見どころ
コーフィールドCは実績不足を補えるハンデ戦、チェスナットコートとソールインパクトにも勝機
コーフィールドカップと2週余り先のメルボルンカップの両方を勝つことは「カップス・ダブル」と呼ばれ、豪州ホースマンたちの夢とされる。それは同時にコーフィールドCがメルボルンCにとって最重要の前哨戦という関係性を含んでおり、日本で両レースの馬券が発売されることになった今年は、結果だけではなく次を見据えて内容にも注目したい。
日本から3年ぶりの挑戦となるチェスナットコートは、日経賞での2着こそあるもののオープンクラスでの勝ち鞍がなく、G1では実績不足の立場。
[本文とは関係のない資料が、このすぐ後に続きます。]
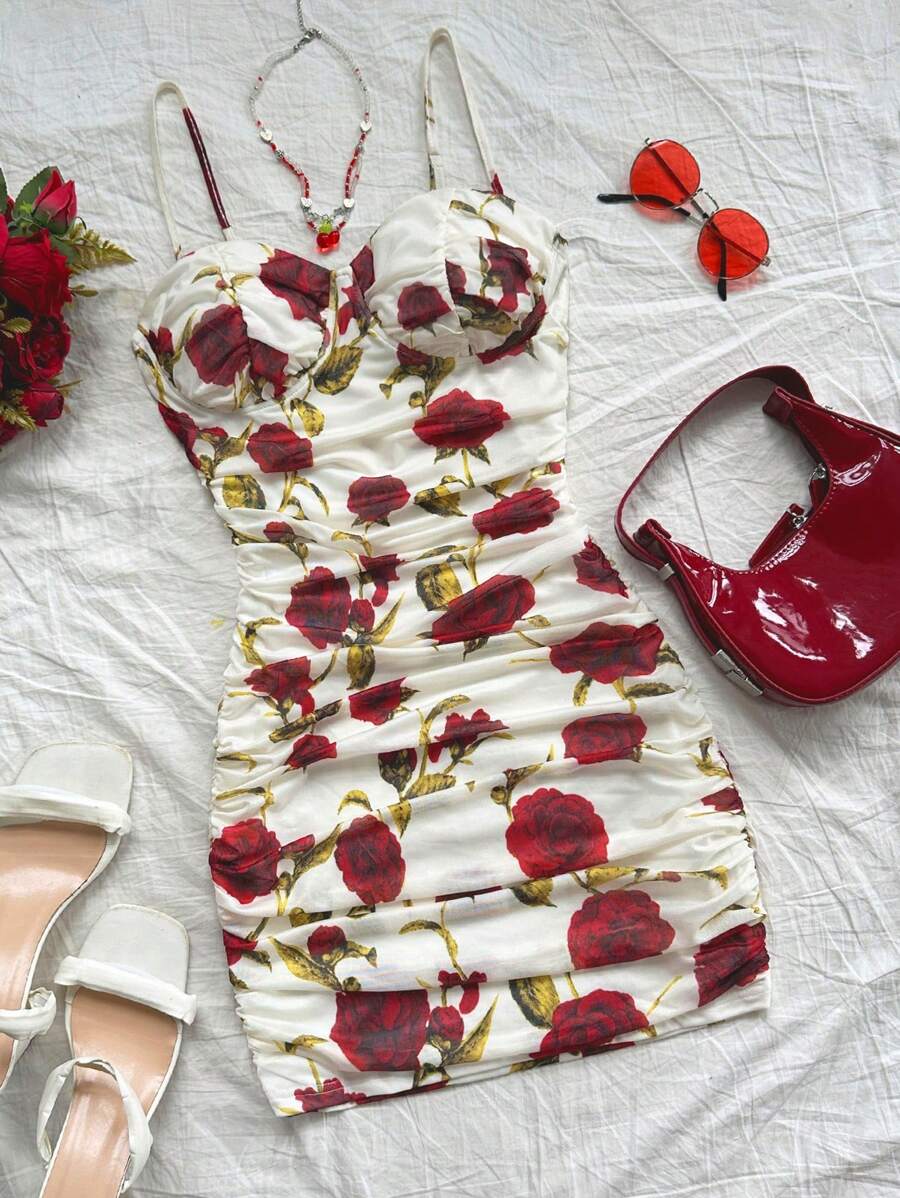 Soleia Romantisches Vintage-Minikleid mit buntem Rosen-Blumen Muster für Damen, Camisole-Kleid mit Rüschen für den Urlaub, Silvester-Outfit für Damen, Geburtstagskleid für Damen, Kleid für Damenpartys, Urlaubspartykleid, Valentinstags-Outfit - Verschiedenfarbig - Übersicht 1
戦績だけを見れば勝ち目はないように見える。ただ、日本調教馬としてコーフィールドCに初挑戦し、勝利へあと一歩と迫ったアイポッパーは、オープン級で阪神大賞典2着の他に万葉ステークス勝ちの実績があるだけだった。
それから13年が経過して日本馬の国際的評価も上がり、アイポッパーの54kgに対してチェスナットコートは55.5kgと、実績に対してハンデキャップが上積みされているが、2014年に日本調教馬としてコーフィールドCを初制覇したアドマイヤラクティも、オープン級での勝ち鞍はG3ダイヤモンドSの1勝しかなかった。しかもそれを最後に、1年8か月も勝利から遠ざかっていたにもかかわらず、コーフィールドCでのハンデは58kg。今回のどのメンバーよりも重い斤量を課されていた。
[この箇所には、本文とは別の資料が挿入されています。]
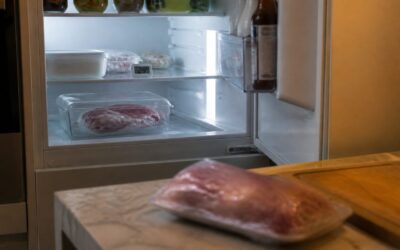 De ce nu e bine să lași carnea la dezghețat pe blat și ce metode sigure ai la îndemână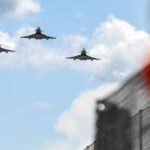 Regno Unito schiera i caccia in Polonia, Mosca accusa la Nato: “E’ in guerra con Russia”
そうした比較において、チェスナットコートにも勝機は十分にあると言えるだろう。アドマイヤラクティと同じハーツクライ産駒という血統面の後押しも心強い。昨年に改定されたハンデキャップのルールにより、ここを勝ったとしてもメルボルンCでは0.5kgしかハンデが増える余地がない。つまり、カップス・ダブルの夢が大きく開けることになるだけに、初戦から大いに期待したいところだ。
また、滑り込みで出走にこぎつけたソールインパクトの強運も見逃せない。日本のG1レースなどでも、抽選突破や繰り上がりで出走を果たした馬の激走がしばしば見られる。ソールインパクトは左回りの2400mで4戦1勝、3着3回と入着率100%。その一方で、一瞬しかない脚の使い所が難しく、東京や新潟のような長い直線では決め手を欠いてきた。コーフィールド競馬場の直線は400m弱しかなく、互角以上に戦える条件がそろっている。大外枠は痛手となったが、現地で武者修行中の坂井瑠星騎手とともに無欲の大駆けを決めてほしい。
コーフィールドCにおける外国馬(オセアニア域外)は1998年のトーファンズメロディを手始めに、昨年までの20年間で4勝と5年に1頭のペースで誕生。直近の優勝馬は4年前のアドマイヤラクティだけに、そろそろ次の1頭が勝利を収めるタイミングか。とくに英国調教馬の成績が良く、日本勢以外ではG1連勝中のベストソリューション(英国)、アイルランド調教馬だが昨年の英ダービー2着馬ザクリフスオブモハーが実力上位。最内枠を引いたドゥレット(英国)も前々走でベストソリューションと接戦を演じており侮れない。
中心勢力はやはり地の利がある豪州調教馬となろう。現地ブックメーカーの前売りではヤングスター、キングズウィルドリーム、エースハイ、ホームズマンが単勝10倍を切るあたりで人気を形成している。ただし、昨年は単勝51倍のブームタイム(ハンデ52kg)と同31倍のシングルゲイズ(ハンデ53kg)のワンツーで大波乱の決着となっており、ゴール前で全馬横一線を前提としているハンデ戦らしく一筋縄ではいかないだろう。